Discours sur le psaume 140, 2, Tome II, p. 1243s

 

          Tu aimeras le Seigneur ton Dieu de tout ton cœur, de toutes tes forces et de tout ton esprit, et tu aimeras ton prochain comme toi-même, répond le Seigneur au pharisien qui  l’interroge pour l’embarrasser. De peur que ces deux préceptes ne lui paraissent peu considérables : Voilà, dit Jésus, qu’ils renferment toute la Loi et les prophètes.

          Tout ce que l’on peut concevoir d’utile, de dire, ou d’extirper des livres sacrés n’a d’autre but que la charité. Or, cette charité n’est point chose commune. Cette charité qui est propre aux chrétiens, saint Paul l’a définie, et bien qu’elle soit divine, donc infinie, Paul la circonscrit dans des limites qui la séparent de tout autre amour. La foi de la Loi est la charité, dit Paul. Il pouvait s’en tenir là, mais, parlant à des hommes instruits, il ajoute : La plénitude de la Loi, c’est la charité.

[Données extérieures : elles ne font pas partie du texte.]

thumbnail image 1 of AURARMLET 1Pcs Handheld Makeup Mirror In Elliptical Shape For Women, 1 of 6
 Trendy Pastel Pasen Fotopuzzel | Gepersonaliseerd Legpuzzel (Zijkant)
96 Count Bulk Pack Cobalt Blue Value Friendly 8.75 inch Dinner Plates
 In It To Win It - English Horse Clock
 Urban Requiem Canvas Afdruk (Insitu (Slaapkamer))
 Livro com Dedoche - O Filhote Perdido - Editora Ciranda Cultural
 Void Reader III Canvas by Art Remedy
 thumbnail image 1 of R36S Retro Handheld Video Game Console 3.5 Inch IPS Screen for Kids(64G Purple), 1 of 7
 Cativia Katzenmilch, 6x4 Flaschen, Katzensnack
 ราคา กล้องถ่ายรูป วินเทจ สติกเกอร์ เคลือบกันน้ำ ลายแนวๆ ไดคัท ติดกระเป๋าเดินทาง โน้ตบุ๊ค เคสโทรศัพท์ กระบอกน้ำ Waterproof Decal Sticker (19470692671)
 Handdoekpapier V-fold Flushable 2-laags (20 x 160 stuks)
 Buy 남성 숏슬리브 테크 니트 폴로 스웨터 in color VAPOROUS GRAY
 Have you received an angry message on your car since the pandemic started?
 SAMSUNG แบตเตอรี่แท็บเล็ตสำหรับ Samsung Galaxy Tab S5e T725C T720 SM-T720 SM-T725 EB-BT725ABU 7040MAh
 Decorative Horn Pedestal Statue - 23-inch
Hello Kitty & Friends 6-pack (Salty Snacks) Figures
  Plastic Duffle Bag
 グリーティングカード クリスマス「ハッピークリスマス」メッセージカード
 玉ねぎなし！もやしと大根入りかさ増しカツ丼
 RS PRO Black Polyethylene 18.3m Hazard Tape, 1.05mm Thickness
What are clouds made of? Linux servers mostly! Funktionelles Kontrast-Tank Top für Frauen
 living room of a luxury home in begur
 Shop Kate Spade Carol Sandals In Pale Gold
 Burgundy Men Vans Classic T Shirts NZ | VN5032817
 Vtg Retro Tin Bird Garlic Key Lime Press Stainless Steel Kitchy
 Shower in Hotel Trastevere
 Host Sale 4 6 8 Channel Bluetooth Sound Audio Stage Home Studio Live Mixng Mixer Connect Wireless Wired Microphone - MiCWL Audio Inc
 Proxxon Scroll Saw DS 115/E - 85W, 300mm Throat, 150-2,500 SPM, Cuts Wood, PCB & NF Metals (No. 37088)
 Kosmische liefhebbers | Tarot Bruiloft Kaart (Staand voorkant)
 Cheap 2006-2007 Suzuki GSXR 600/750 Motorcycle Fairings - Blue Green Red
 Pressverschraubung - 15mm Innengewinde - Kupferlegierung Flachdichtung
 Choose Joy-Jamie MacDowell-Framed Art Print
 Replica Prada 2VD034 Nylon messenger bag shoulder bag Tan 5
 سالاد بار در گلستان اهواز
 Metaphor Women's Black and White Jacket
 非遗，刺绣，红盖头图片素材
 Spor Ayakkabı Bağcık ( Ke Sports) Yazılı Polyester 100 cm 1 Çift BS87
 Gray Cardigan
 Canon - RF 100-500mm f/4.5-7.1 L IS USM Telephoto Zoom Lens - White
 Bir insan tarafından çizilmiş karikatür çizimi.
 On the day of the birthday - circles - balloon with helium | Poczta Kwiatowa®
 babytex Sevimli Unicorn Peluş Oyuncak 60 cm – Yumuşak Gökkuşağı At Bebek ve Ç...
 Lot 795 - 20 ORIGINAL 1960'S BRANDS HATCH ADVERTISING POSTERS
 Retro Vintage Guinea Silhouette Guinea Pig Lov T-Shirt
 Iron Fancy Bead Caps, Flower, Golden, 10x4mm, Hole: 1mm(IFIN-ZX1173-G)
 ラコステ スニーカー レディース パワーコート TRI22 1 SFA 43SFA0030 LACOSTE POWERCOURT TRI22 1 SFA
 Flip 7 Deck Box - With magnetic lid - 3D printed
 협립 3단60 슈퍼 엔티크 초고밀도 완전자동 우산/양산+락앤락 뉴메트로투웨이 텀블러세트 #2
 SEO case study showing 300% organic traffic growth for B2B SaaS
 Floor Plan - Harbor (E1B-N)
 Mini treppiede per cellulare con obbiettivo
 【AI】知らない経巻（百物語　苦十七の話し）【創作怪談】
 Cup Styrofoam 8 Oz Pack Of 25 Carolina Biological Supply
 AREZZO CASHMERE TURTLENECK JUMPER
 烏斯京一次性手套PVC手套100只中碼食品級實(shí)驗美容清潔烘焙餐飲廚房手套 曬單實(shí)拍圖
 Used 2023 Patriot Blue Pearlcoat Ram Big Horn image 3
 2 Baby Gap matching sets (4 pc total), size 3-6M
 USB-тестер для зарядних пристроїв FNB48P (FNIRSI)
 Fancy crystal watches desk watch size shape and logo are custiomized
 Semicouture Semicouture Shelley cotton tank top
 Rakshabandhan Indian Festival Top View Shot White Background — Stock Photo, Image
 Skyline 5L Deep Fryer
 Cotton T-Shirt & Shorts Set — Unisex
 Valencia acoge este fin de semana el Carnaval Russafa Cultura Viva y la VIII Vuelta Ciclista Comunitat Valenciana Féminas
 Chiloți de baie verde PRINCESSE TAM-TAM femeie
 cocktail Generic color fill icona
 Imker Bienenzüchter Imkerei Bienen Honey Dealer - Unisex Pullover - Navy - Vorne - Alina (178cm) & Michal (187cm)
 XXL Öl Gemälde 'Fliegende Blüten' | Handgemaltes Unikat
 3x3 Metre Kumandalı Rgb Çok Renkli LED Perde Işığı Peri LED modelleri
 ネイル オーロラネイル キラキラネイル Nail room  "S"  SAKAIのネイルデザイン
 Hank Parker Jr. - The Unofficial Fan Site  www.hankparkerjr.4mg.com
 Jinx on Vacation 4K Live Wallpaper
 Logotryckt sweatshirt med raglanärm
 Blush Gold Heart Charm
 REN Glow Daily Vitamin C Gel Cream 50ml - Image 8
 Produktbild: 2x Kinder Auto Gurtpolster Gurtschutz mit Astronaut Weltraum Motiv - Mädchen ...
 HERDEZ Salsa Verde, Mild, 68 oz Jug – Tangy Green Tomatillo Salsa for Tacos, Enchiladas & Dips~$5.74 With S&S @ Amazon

          Mais diras-tu, Qu’est-ce que la charité ? Quelles qualités doit-elle avoir ? Ecoute ce passage de l’Ecriture : La fin du précepte est la charité émanant d’un cœur pur. Un cœur pur dans la charité, c’est l’amour de l’homme selon Dieu ; puisque c’est ainsi que tu dois t’aimer toi-même, afin que la règle soit juste : Tu aimeras ton prochain comme toi-même. Si tu n’as, pour toi, qu’un amour mauvais et inutile, quel avantage reviendra-t-il à ton prochain quand tu aimeras de la sorte ? Or, comment t’aimerais-tu d’un amour mauvais ? L’Ecriture nous l’insinue, elle qui ne flatte personne : qui te convaincra que, loin de t’aimer, tu vas même jusqu’à te haïr. Celui qui hait son âme, dit-on, aime l’iniquité. Crois-tu donc qu’aimer l’iniquité, ce soit t’aimer toi-même ? Illusion, mon frère. Aimer ainsi le prochain, c’est le conduire à l’iniquité, et ton amour sera pour lui un piège.

          Donc, la charité ainsi définie par l’apôtre a deux préceptes : l’un d’aimer Dieu, l’autre d‘aimer le prochain. Ne cherche rien d’autre chose dans l’Ecriture, et que nul ne vous enseigne un autre précepte. Un passage de l’Ecriture a-t-il de l’obscurité, la charité y est assurément recommandée : dans un passage clair, on trouve la charité clairement. Si l’Ecriture n’était jamais claire, elle ne serait point une pâture ; si elle n’était obscure, elle ne serait point un exercice. Cette charité qui crie d’un cœur pur, pour vous le dire en un mot, c’est le Christ.